Operation	1 worker	4 workers	Worker ratio	SciPy/native context
CSR trace	`0.301 ms`	`0.127 ms`	`2.37x`	`2.38x`
COO trace	`0.333 ms`	`0.137 ms`	`2.43x`	`4.15x`
CSC trace	`0.307 ms`	`0.126 ms`	`2.44x`	`2.33x`
CSR sparse `dot`	`0.668 ms`	`0.262 ms`	`2.55x`	`7.19x`
CSR sparse `vdot`	`0.677 ms`	`0.240 ms`	`2.82x`	`8.48x`

Some dense conversions and small scalar reductions remain limited by memory traffic or launch overhead. In the large reduction sweep, CSC dense conversion measured 0.72x versus the legacy conversion path and 0.49x on the SciPy/native context ratio.
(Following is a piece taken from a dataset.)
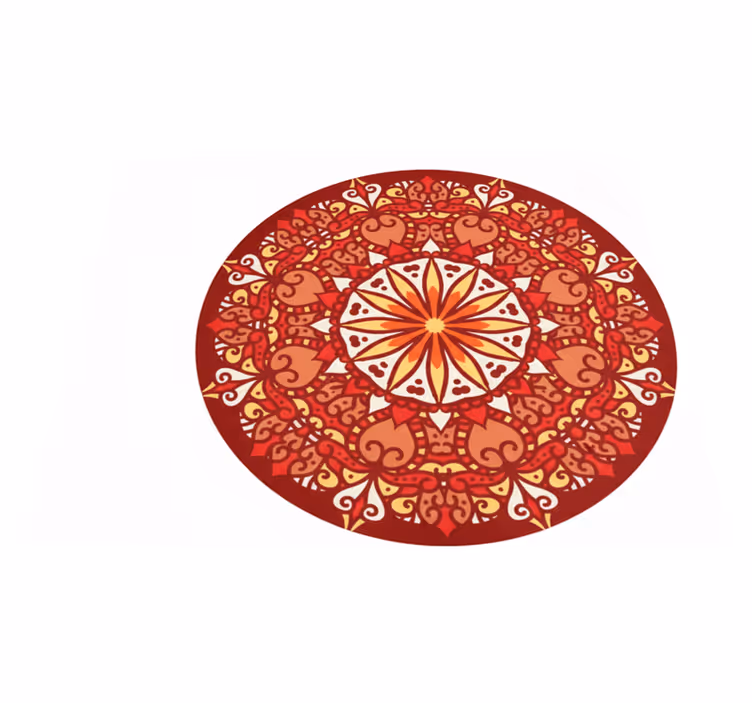 Luxus díszes színes mandala vinil szőnyeg piros - TenStickers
Direct factorization and repeated solves#

The direct-factorization work is single-threaded and storage-focused. It does not make natural-order Cholesky or LU numerically parallel.
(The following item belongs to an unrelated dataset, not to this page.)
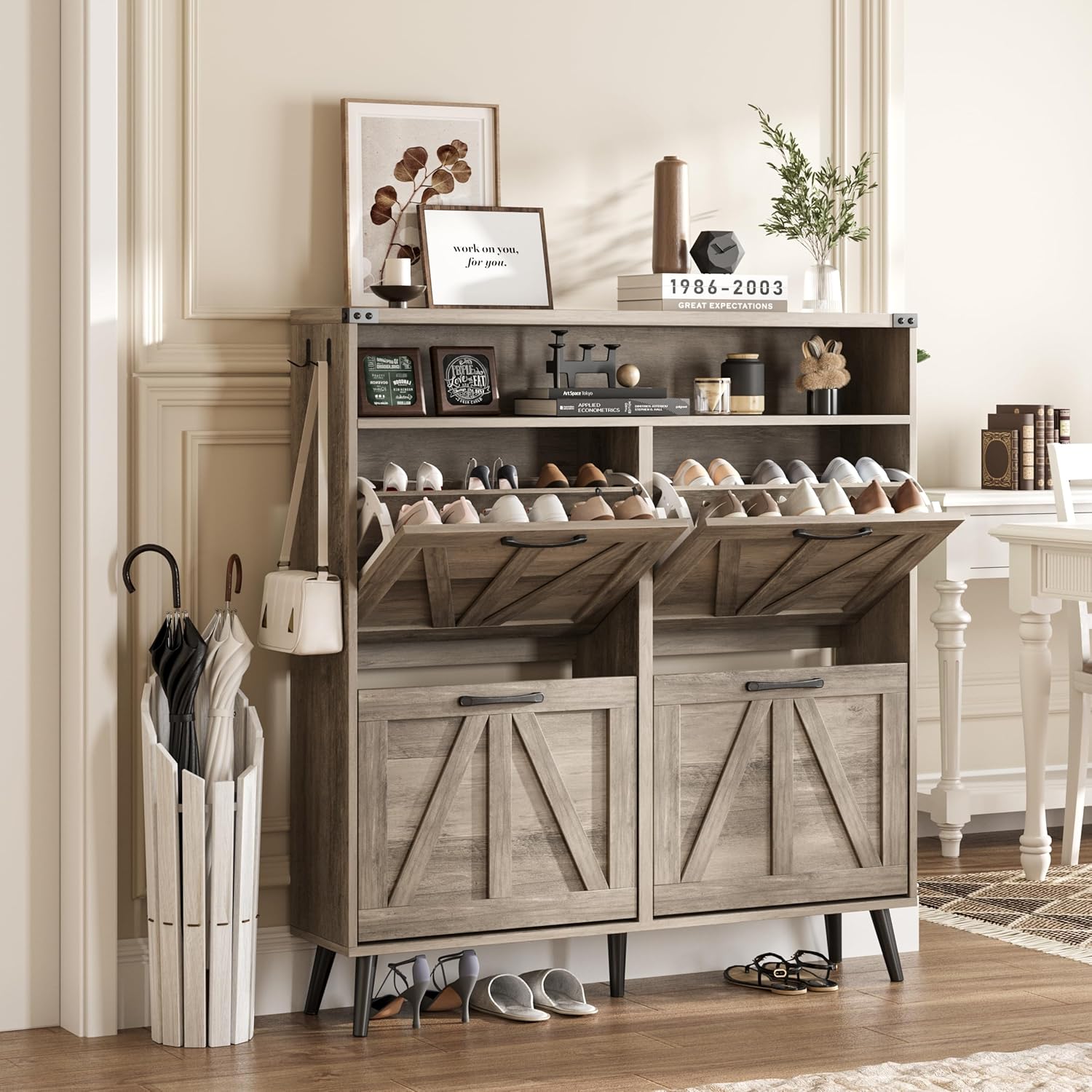 Shoe Cabinet with 4 Flip Drawers, Special Shoe Storage Cabinet for Entryway, Inn...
Phase	Native ratio	SciPy/native context	Matrix scope
Cholesky factor-only	`3.201x`	no SciPy sparse Cholesky equivalent	Banded/random SPD, sizes `128` and `512`, target nonzeros per row `4` and `16`.
Cholesky factor-plus-solve	`2.264x`	no SciPy sparse Cholesky equivalent	Same SPD sweep.
Cholesky solve-only	`1.076x`	no SciPy sparse Cholesky equivalent	Same SPD sweep.
LU factor-only	`1.807x`	`0.241x`	Banded/random SPD and general matrices, sizes `128` and `512`.
LU factor-plus-solve	`1.881x`	`0.226x`	Same LU sweep.
LU solve-only	`0.965x`	`0.241x`	Same LU sweep.
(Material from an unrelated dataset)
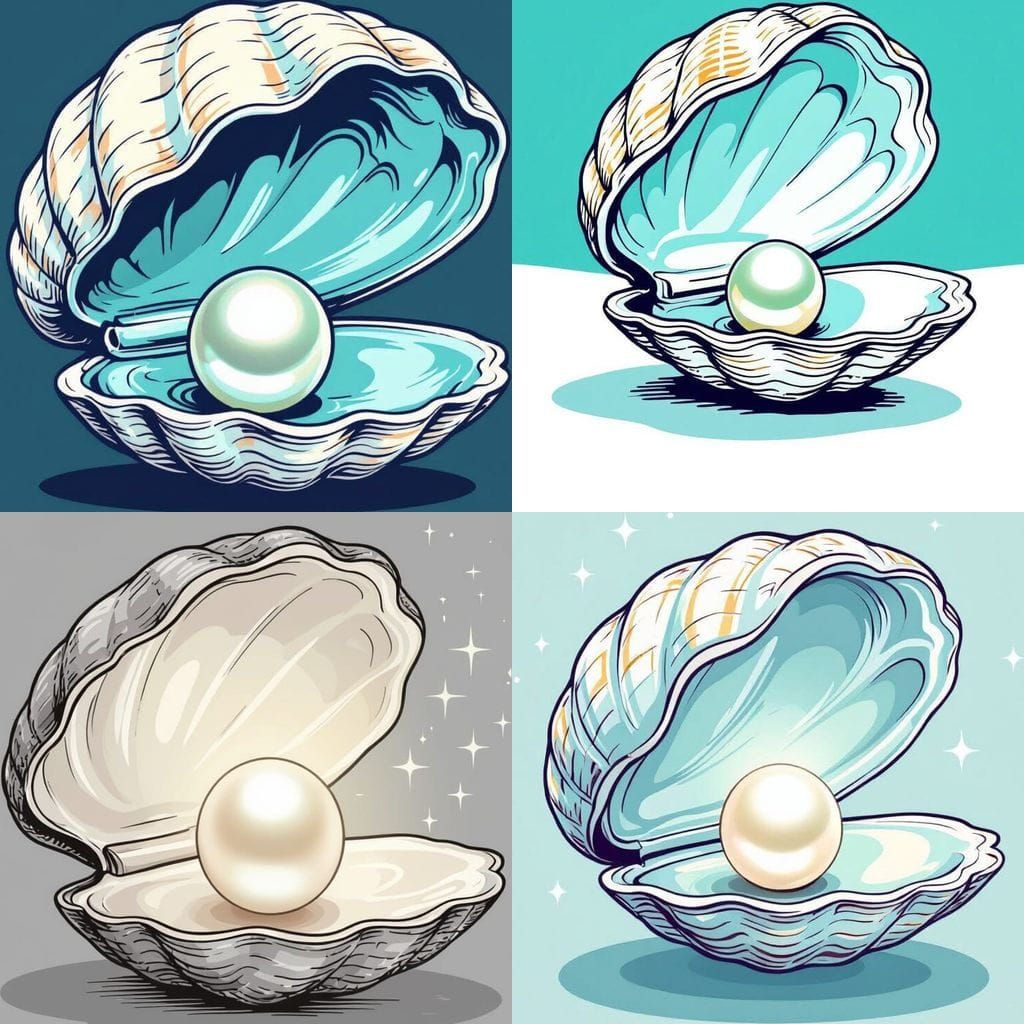 Minimalist Line Art of an Opening Seashell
By family, Cholesky factor-only medians were 1.995x on banded SPD and 6.275x on random SPD matrices. LU factor-only medians were 1.370x on banded SPD, 1.490x on banded general, 2.405x on random SPD, and 2.348x on random general matrices.

Matrix-RHS repeated solves remove Python column loops. The sweep used RHS counts 1, 2, 4, 8, 16, and 32.

Case	Result
Overall, one worker	Median after/before ratio `0.218x`. Equivalently `4.586x` lower median solve time.
Cholesky `nrhs=32`	Median ratio `0.050x`.
LU `nrhs=32`	Median ratio `0.049x`.
SciPy/native context	One-worker solve-only ratio moved from `0.144x` to `0.555x`.

Measured but not adopted#

Several plausible HPC ideas were tested and rejected for production because they did not improve the relevant measured target:

Cached triangular diagonal positions and dependency-level scheduling were guarded by graph analysis and had row-order fallback, but the analyzed solve path measured 1.277x slower than baseline at one worker and 1.159x slower at four solver workers.
Iterative and spectral solver helper parallelism regressed the benchmark slice. For the 1024 x 1024 solver check with 3,120 nonzeros, CG moved from 0.0320 ms to 0.2358 ms, GMRES from 0.4459 ms to 12.3347 ms, and MINRES from 21.4326 ms to 463.6496 ms under the fixed-worker helper experiment.
Immediate host assembly for compressed sum_duplicates did not improve the one-worker target and was not shipped.
Non-batched COO/CSC forward dense products stayed serial rather than using unsynchronized scatter writes.